-- ENTRIES SUPPLIED follows --

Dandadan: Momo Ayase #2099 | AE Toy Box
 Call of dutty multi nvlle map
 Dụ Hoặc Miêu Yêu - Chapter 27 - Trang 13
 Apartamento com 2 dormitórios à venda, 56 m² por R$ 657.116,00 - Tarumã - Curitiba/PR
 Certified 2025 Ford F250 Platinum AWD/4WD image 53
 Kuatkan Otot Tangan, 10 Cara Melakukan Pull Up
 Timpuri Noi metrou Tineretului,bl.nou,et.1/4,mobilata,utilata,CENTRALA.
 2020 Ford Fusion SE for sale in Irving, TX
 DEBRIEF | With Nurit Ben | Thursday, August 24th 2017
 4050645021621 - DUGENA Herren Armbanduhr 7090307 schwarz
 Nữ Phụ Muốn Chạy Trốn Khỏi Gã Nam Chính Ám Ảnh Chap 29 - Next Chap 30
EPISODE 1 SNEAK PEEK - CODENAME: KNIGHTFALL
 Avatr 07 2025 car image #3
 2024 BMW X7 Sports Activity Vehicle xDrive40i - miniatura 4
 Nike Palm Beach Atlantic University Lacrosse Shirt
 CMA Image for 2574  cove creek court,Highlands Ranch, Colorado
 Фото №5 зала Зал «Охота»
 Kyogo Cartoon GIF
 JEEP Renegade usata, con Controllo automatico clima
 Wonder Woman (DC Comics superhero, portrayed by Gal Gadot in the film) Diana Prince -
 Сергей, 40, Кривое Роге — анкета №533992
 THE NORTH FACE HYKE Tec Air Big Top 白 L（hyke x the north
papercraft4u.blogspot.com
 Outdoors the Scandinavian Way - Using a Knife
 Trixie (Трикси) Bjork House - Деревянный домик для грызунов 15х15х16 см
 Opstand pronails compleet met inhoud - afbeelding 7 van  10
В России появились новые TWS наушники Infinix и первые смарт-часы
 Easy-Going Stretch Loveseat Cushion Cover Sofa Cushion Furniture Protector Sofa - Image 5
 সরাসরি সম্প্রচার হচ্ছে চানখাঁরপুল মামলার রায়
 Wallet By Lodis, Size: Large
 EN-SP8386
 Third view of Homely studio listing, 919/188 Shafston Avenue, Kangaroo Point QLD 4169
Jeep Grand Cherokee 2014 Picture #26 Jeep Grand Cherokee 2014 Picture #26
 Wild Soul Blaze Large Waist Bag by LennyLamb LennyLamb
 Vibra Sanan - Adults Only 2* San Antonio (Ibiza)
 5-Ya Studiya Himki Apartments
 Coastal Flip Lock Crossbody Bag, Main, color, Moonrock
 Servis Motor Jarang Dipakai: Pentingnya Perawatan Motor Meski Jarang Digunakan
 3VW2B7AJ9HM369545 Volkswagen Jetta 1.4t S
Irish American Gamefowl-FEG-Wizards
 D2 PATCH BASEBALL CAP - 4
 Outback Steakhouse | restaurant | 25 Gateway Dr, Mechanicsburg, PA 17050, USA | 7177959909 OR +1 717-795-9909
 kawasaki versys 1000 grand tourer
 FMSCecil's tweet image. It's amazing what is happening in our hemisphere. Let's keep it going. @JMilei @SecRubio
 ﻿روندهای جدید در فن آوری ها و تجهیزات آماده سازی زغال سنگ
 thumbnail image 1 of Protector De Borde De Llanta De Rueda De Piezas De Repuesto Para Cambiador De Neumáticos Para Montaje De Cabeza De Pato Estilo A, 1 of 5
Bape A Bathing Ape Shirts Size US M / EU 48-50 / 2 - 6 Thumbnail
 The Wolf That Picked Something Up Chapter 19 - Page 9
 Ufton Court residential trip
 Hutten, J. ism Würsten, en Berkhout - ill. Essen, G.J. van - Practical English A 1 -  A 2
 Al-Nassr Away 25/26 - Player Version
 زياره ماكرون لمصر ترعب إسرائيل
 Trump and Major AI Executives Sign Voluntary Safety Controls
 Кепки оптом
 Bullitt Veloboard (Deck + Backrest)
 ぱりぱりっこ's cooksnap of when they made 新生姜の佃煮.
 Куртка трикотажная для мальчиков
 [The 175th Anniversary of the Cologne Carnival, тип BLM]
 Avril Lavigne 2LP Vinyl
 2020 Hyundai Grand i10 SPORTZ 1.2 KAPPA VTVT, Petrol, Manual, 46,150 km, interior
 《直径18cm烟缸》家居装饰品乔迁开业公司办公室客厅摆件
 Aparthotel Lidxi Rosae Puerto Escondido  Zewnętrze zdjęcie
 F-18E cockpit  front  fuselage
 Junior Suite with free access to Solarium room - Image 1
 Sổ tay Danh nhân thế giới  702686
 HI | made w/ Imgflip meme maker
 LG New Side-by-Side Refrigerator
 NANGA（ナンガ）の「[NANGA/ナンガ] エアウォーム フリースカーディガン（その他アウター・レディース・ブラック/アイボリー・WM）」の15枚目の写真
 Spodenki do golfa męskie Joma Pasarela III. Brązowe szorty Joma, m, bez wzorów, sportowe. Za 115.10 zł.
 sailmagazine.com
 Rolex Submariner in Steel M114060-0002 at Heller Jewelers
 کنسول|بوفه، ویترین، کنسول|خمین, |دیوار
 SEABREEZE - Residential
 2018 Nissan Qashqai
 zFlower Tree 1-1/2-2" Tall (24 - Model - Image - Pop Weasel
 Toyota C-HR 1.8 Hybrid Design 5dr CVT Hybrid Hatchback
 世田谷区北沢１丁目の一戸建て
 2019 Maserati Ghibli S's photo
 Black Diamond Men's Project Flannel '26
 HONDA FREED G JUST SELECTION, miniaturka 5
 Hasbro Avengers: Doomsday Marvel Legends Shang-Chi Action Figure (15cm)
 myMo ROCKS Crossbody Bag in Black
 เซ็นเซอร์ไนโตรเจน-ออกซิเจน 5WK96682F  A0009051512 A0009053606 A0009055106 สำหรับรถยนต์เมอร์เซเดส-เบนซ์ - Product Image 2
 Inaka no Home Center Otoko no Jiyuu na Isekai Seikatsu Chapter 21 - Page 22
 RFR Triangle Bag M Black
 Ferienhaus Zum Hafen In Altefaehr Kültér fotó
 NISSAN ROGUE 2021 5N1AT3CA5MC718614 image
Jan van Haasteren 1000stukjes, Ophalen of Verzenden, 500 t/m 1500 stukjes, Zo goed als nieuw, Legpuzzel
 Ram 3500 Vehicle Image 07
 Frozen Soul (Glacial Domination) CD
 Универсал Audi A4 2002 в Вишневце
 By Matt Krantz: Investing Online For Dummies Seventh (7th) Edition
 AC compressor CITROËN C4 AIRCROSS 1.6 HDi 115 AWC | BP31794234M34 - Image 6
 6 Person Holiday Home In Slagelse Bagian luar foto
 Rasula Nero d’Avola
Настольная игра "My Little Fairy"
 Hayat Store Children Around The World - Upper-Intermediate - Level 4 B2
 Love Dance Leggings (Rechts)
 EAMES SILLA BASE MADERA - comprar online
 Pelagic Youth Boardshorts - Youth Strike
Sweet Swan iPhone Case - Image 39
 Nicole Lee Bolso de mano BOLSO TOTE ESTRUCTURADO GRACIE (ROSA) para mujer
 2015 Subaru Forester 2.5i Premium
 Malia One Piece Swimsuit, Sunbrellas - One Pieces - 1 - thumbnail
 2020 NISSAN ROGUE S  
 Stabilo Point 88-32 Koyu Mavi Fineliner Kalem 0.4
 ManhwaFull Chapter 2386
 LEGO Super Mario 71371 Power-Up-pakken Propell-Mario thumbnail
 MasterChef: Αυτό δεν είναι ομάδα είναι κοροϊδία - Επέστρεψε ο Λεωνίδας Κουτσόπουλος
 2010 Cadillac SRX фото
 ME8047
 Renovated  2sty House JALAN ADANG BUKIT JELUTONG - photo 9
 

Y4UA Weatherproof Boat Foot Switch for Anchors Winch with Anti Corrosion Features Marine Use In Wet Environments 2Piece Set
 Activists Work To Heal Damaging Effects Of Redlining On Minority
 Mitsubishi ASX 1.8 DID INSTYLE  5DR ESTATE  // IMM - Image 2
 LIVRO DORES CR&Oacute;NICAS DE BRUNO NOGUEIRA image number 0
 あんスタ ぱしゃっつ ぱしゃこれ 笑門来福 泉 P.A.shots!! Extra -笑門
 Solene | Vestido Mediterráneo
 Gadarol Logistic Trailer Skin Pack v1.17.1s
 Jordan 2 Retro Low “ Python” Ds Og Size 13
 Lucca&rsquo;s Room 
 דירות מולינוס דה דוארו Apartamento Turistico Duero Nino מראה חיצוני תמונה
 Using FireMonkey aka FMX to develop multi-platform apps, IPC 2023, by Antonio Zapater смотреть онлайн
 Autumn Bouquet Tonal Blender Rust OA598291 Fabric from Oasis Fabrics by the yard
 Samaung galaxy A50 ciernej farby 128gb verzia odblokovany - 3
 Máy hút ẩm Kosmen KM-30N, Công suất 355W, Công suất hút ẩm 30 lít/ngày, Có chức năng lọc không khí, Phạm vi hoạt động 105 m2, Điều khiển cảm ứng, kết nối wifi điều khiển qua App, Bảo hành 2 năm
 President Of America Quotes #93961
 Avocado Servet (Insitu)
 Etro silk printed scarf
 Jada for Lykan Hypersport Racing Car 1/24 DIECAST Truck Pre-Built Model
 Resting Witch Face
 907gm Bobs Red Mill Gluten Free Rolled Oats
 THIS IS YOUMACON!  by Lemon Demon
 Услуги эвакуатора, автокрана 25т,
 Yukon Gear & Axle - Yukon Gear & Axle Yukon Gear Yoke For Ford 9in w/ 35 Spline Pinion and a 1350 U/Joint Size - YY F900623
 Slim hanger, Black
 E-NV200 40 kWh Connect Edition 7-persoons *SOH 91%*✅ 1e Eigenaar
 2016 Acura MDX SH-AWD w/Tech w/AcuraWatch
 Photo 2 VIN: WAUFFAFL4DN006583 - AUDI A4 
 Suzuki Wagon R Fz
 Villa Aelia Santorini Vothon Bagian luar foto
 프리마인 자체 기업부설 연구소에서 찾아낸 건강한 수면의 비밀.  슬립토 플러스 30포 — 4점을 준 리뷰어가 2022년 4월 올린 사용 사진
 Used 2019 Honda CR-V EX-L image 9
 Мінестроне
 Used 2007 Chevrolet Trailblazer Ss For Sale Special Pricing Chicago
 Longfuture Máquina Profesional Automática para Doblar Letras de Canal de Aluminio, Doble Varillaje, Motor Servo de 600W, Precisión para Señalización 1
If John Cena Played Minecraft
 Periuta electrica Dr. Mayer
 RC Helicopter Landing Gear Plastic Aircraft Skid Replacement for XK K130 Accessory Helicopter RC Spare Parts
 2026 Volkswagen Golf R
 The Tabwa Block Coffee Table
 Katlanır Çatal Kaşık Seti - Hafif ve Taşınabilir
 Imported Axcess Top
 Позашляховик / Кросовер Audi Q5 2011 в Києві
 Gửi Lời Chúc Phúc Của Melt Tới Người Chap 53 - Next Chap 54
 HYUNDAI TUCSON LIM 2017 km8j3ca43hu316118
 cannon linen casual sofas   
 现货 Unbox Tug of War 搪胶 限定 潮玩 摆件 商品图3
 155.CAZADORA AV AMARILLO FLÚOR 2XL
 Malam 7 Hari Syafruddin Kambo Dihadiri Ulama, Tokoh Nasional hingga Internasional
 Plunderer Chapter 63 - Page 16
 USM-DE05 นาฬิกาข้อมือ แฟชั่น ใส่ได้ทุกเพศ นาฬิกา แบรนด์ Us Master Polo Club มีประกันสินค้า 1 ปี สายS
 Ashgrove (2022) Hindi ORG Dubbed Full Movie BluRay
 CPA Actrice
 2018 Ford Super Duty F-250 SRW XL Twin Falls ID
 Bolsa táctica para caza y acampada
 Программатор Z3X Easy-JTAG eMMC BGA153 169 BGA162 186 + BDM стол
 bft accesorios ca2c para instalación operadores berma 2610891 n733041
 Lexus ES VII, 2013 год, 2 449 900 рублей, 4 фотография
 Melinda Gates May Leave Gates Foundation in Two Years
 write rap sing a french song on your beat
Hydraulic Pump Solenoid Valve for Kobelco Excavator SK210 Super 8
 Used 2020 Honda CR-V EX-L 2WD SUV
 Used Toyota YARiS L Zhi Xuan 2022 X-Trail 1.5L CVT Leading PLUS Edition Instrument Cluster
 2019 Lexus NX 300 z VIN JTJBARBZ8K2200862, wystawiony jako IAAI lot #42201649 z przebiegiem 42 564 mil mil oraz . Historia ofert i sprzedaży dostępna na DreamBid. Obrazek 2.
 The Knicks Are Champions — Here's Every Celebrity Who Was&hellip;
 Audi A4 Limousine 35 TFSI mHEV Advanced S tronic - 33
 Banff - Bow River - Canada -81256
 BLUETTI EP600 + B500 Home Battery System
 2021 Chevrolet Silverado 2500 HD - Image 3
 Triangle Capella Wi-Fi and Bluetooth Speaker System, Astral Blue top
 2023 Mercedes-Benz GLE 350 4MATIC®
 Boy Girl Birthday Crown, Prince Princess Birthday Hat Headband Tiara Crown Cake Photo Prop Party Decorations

-- ENTRIES SUPPLIED concluded --

TRY IT: Look through the entries above and quote exactly the lines from the line with "Plunderer Chapter 63 - Page 16" to the line with "Triangle Capella Wi-Fi", counting both of those lines.

RESPONSE BELOW:
 Plunderer Chapter 63 - Page 16
 USM-DE05 นาฬิกาข้อมือ แฟชั่น ใส่ได้ทุกเพศ นาฬิกา แบรนด์ Us Master Polo Club มีประกันสินค้า 1 ปี สายS
 Ashgrove (2022) Hindi ORG Dubbed Full Movie BluRay
 CPA Actrice
 2018 Ford Super Duty F-250 SRW XL Twin Falls ID
 Bolsa táctica para caza y acampada
 Программатор Z3X Easy-JTAG eMMC BGA153 169 BGA162 186 + BDM стол
 bft accesorios ca2c para instalación operadores berma 2610891 n733041
 Lexus ES VII, 2013 год, 2 449 900 рублей, 4 фотография
 Melinda Gates May Leave Gates Foundation in Two Years
 write rap sing a french song on your beat
Hydraulic Pump Solenoid Valve for Kobelco Excavator SK210 Super 8
 Used 2020 Honda CR-V EX-L 2WD SUV
 Used Toyota YARiS L Zhi Xuan 2022 X-Trail 1.5L CVT Leading PLUS Edition Instrument Cluster
 2019 Lexus NX 300 z VIN JTJBARBZ8K2200862, wystawiony jako IAAI lot #42201649 z przebiegiem 42 564 mil mil oraz . Historia ofert i sprzedaży dostępna na DreamBid. Obrazek 2.
 The Knicks Are Champions — Here's Every Celebrity Who Was&hellip;
 Audi A4 Limousine 35 TFSI mHEV Advanced S tronic - 33
 Banff - Bow River - Canada -81256
 BLUETTI EP600 + B500 Home Battery System
 2021 Chevrolet Silverado 2500 HD - Image 3
 Triangle Capella Wi-Fi and Bluetooth Speaker System, Astral Blue top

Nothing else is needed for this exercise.